Using the data below, reproduce exactly the lines from the line with "Living room with" to the line with "bedroom featuring ceiling", both included; pictures must be dropped.

*** THE INPUT ***

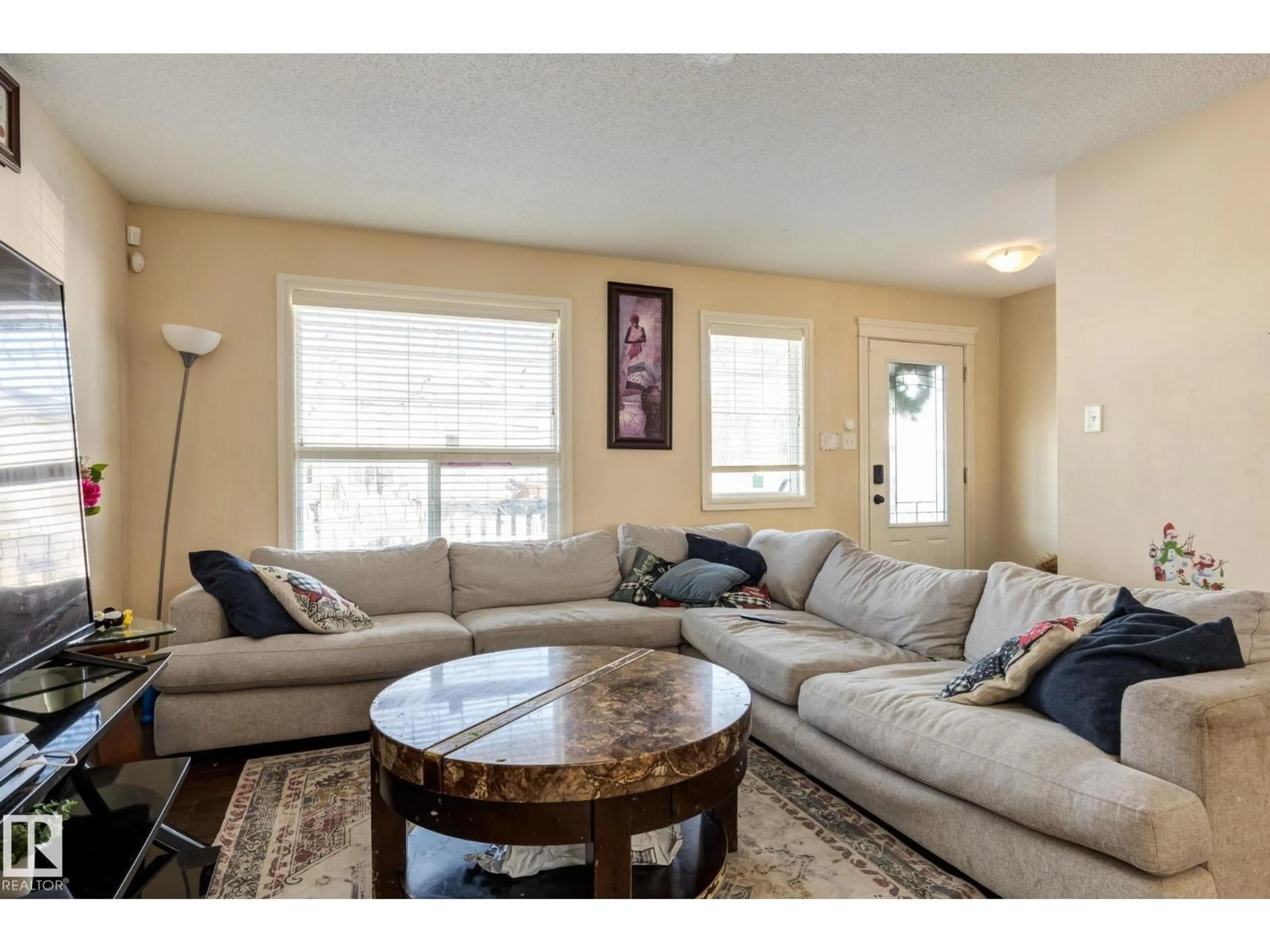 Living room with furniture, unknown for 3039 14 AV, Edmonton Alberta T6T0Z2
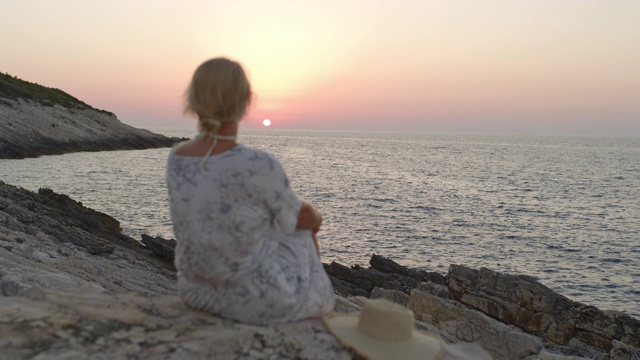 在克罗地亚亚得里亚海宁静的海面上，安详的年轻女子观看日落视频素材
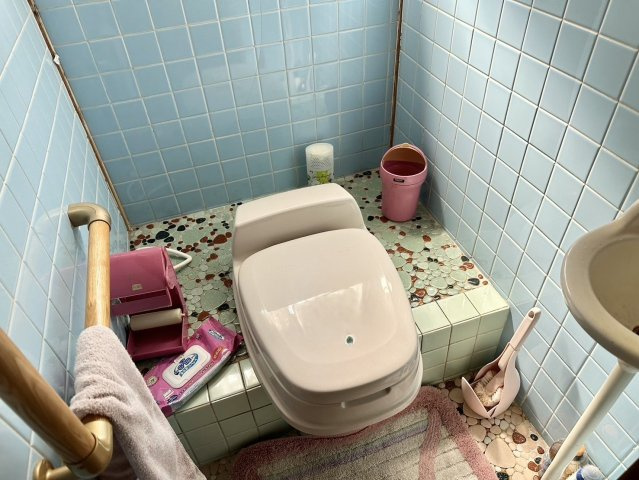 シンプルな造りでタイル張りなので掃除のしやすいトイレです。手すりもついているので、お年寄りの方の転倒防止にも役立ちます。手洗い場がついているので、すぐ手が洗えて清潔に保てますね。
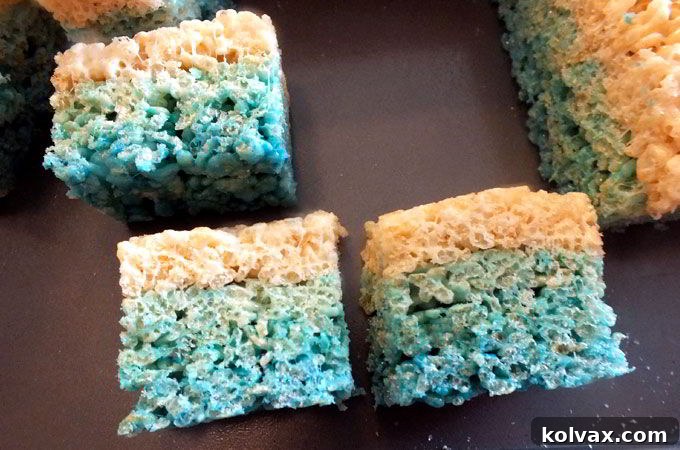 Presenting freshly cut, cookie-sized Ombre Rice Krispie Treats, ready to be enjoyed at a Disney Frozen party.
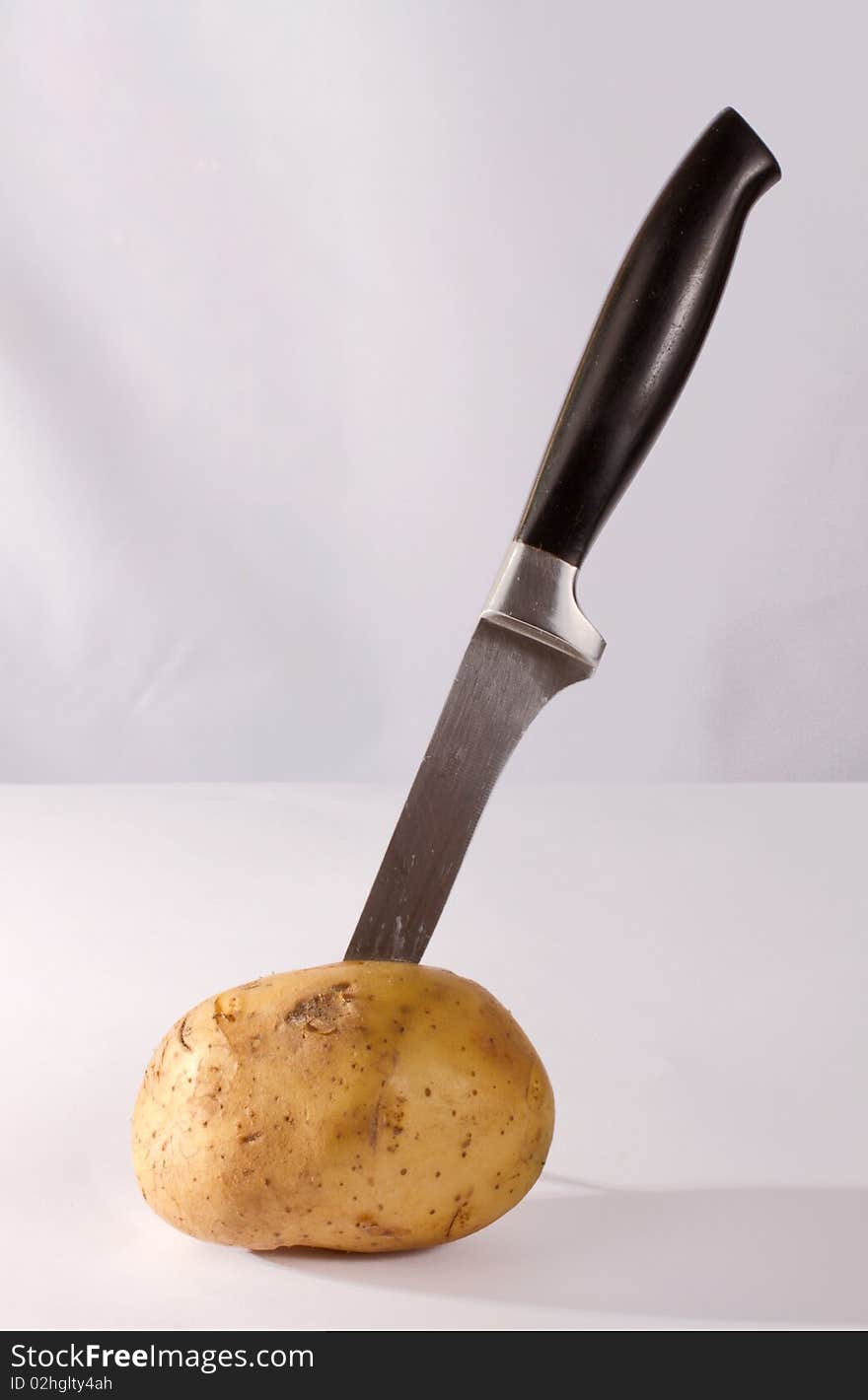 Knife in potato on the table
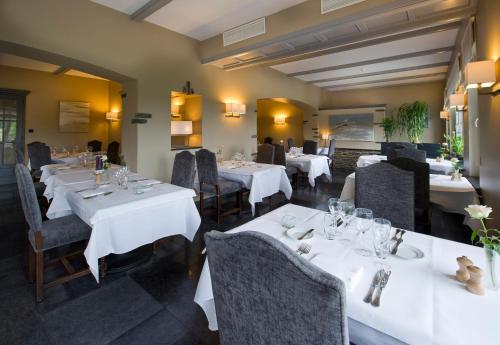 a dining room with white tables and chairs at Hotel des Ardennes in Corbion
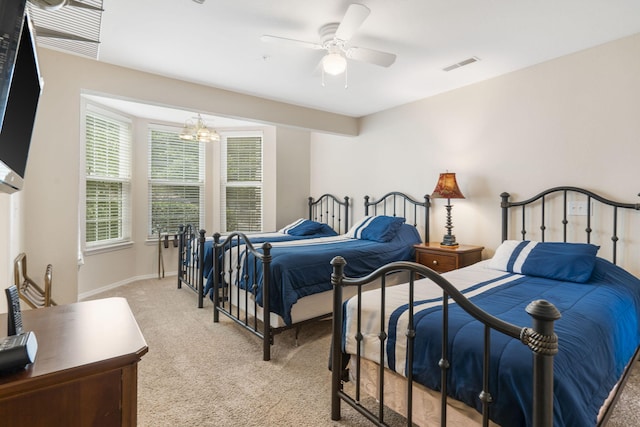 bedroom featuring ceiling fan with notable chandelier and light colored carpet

***
*** THE INPUT ***

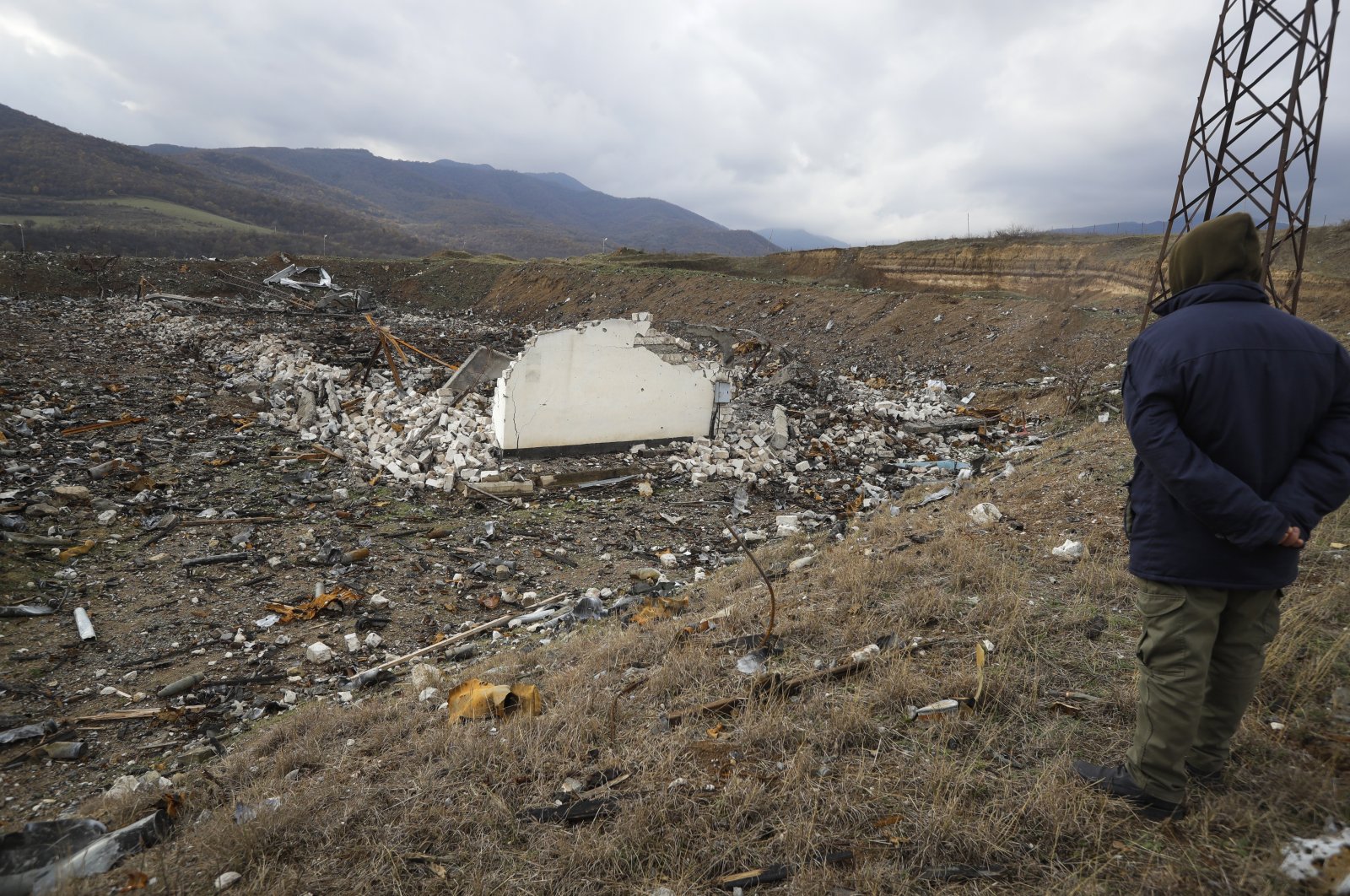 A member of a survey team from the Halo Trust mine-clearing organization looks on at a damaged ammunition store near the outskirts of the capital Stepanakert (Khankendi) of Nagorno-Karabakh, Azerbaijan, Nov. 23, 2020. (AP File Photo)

***

**ANSWER SECTION**.
 Living room with furniture, unknown for 3039 14 AV, Edmonton Alberta T6T0Z2
 在克罗地亚亚得里亚海宁静的海面上，安详的年轻女子观看日落视频素材
 シンプルな造りでタイル張りなので掃除のしやすいトイレです。手すりもついているので、お年寄りの方の転倒防止にも役立ちます。手洗い場がついているので、すぐ手が洗えて清潔に保てますね。
 Presenting freshly cut, cookie-sized Ombre Rice Krispie Treats, ready to be enjoyed at a Disney Frozen party.
 Knife in potato on the table
 a dining room with white tables and chairs at Hotel des Ardennes in Corbion
 bedroom featuring ceiling fan with notable chandelier and light colored carpet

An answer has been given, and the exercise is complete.